UK Banks Are Turning Away Crypto Clients

U.K. Prime Minister Rishi Sunak’s cryptocurrency plans have reportedly hit some snags.

As Bloomberg News reported Sunday (April 2), crypto companies were already dealing with pushback from big British banks like HSBC and NatWest, which in February put limits on the amount of money customers in the U.K. can transfer to digital asset exchanges.

Now, crypto firms say they’re running into new banking difficulties, such as rejected applications to excess paperwork, leading the companies to petition the government for help.

“There aren’t many options available — most traditional banks won’t offer banking services to crypto firms,” Edouard Daunizeau, CEO of the London-based crypto investing company SavingBlocks, said in an interview with Bloomberg.

“With the recent string of events it will be even tougher. We are seeking licenses in France where we think it will be easier.”

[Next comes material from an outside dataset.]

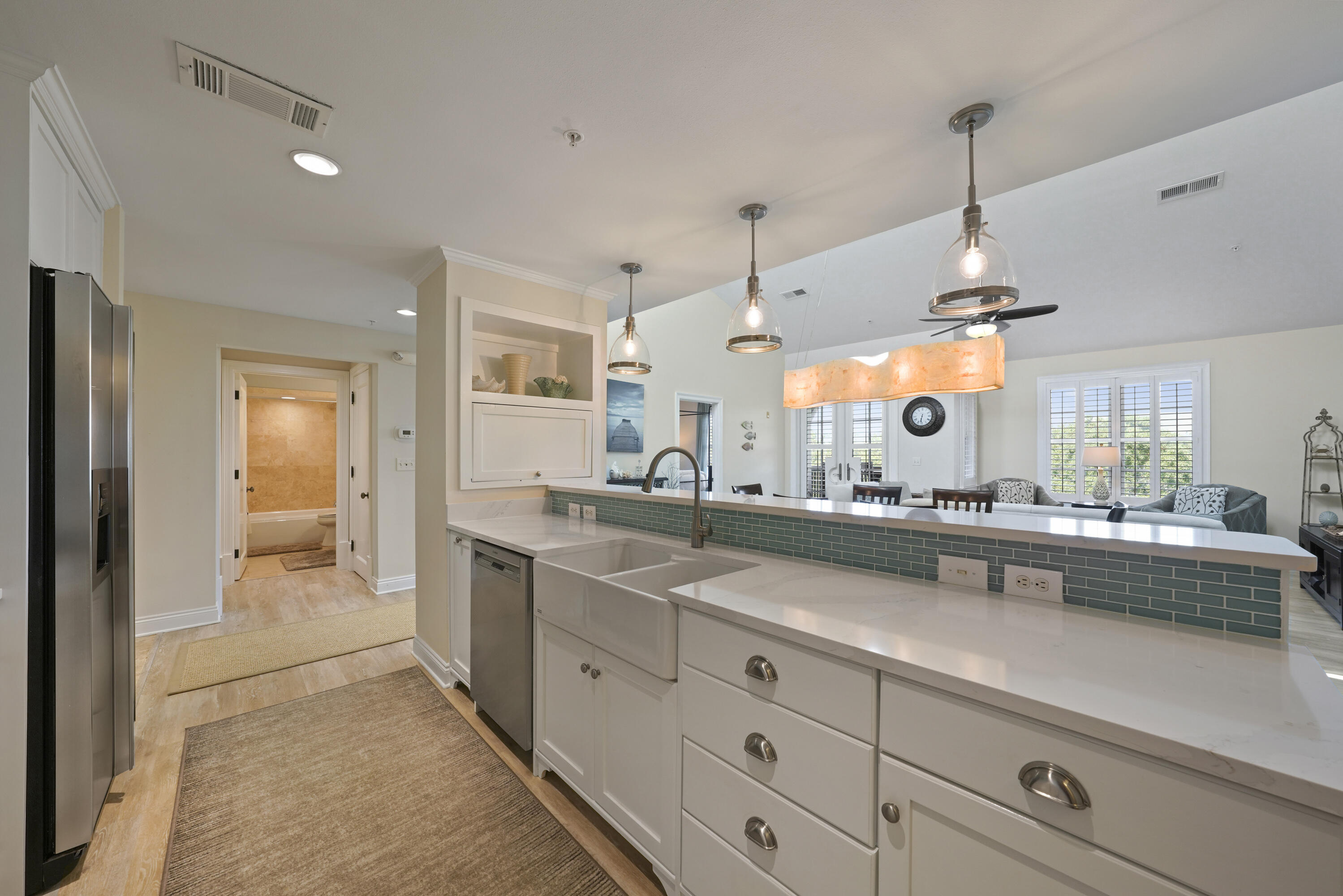34 North Barrett Square, Unit 3A Inlet Beach, FL 32461 - Photo 11 of 45 a large kitchen with kitchen island a large counter space a sink and stainless steel appliances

Related: Binance Suspending Crypto Transfers In The UK

The U.K. government last year announced plans to make the country a “global hub” for cryptocurrency companies.

While the country has had three leadership changes since then, Sunak’s elevation to prime minister in October 2022 was greeted with enthusiasm among crypto enthusiasts because of his support for the “hub” plan in his time as chancellor.

However, a lot has happened in the digital asset sector since then, including the downfall of FTX, the collapse of two crypto-friendly banks, and an increase in regulatory pressure on Binance, the world’s biggest cryptocurrency exchange.

In March, HSBC and Nationwide Building Society announced a ban on cryptocurrency purchases using credit cards for their retail customers, while also creating tougher restrictions on debit-card purchases of crypto to a daily limit of $6,000.

(HSBC last month announced plans to acquire — and invest $2.1 billion in — failed lender Silicon Valley Bank’s U.K. operations.)

And despite Sunak’s support for the industry, the country’s financial watchdog — the Financial Conduct Authority (FCA) has for years labeled crypto as high risk, even threatening crypto executives with jail time if they break certain rules.

“The cryptocurrency sector has yet to pull the proverbial magic rabbit from its top hat,” PYMNTS wrote in March. “The audience, having purchased tickets to the show, are now realizing they may leave empty-handed as their hard-earned money pulls a disappearing act.”

Instead of revolutionizing the financial world the way the technology’s advocates promised, the industry has instead been rocked by “bad actors and back-door platforms, leaving its future more uncertain than ever.”